In Europe TUV have implemented a hydrogen certification scheme, TÜV Rheinland Standard H2.21. Refer their website. https://www.tuv.com/landingpage/en/hydrogen-technology/main-navigation/certification-%E2%80%9Cgreen-hydrogen%E2%80%9D/
The product carbon footprint is calculated according to;
ISO 14067:2018 Greenhouse gases, Carbon footprint of products, Requirements and guidelines for quantification
ISO 14040:2006 Environmental management, Life cycle assessment, Principles and framework
ISO 14044:2006, Environmental management, Life cycle assessment, Requirements and guidelines

TUV H2.21 states "Low Carbon Hydrogen addresses all hydrogen production routes and therefore enables all technologies and processes to be subjected to certification. The reduction target must be at least 70% of the Comparator Value (94 g CO2-eq/MJ)...Turquoise Hydrogen: Low Carbon Hydrogen is produced by methane pyrolysis and the resulting elemental carbon can be permanently fixed."

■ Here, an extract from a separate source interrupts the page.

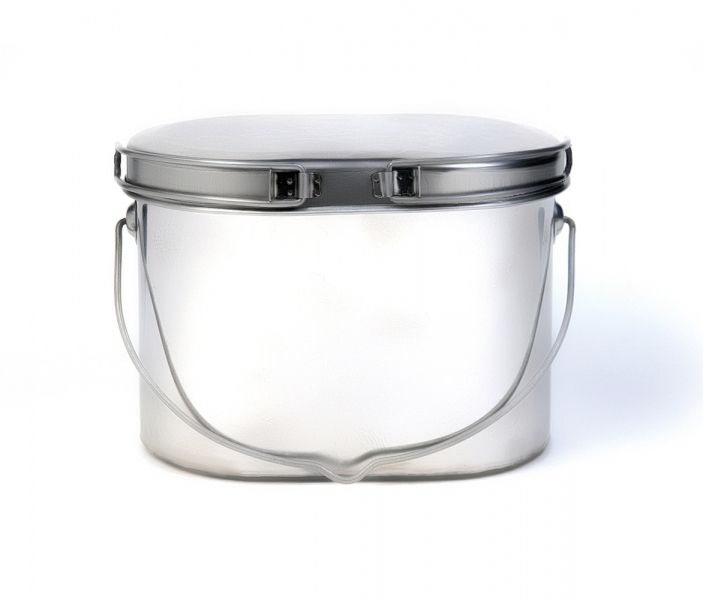 Котелок низкий 2,2 л крышка с ручками Роза Ветров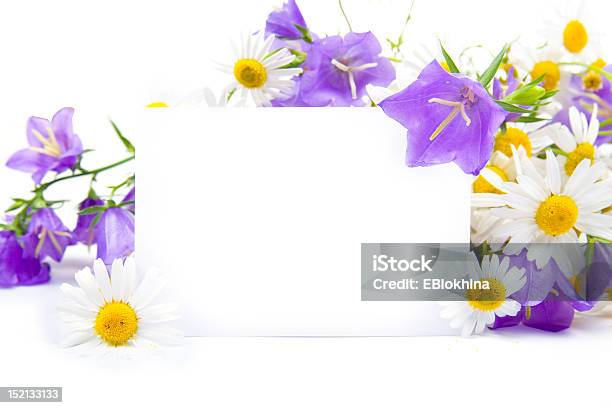 Foto de Cartão De Felicitação e mais fotos de stock de Azul - Azul, Beleza natural - Natureza, Branco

Yes. The clean hydrogen produced by methane pyrolysis is an ideal drop in replacement input for existing fertilizer and ammonia production and nickel production plants. Furthermore, the green steel industry requires extremely large volumes of clean hydrogen for which could be served by methane pyrolysis. The "clean" solid carbon produced can be an input for various manufacturing processes including batteries etc.

Currently industrial hydrogen is produced via SMR and generates large volumes of CO2. The time taken to implement CO2 capture, post combustion, and storage solutions will take time. The cost of water electrolysis is too high for industry to absorb, and the time required for those costs to reduce is uncertain. Methane pyrolysis is ready to deploy with lower risk and competitively priced, supporting Australia and its industries to meet its commitment to cut carbon emissions by 43% by 2030 and to achieve net zero by 2050.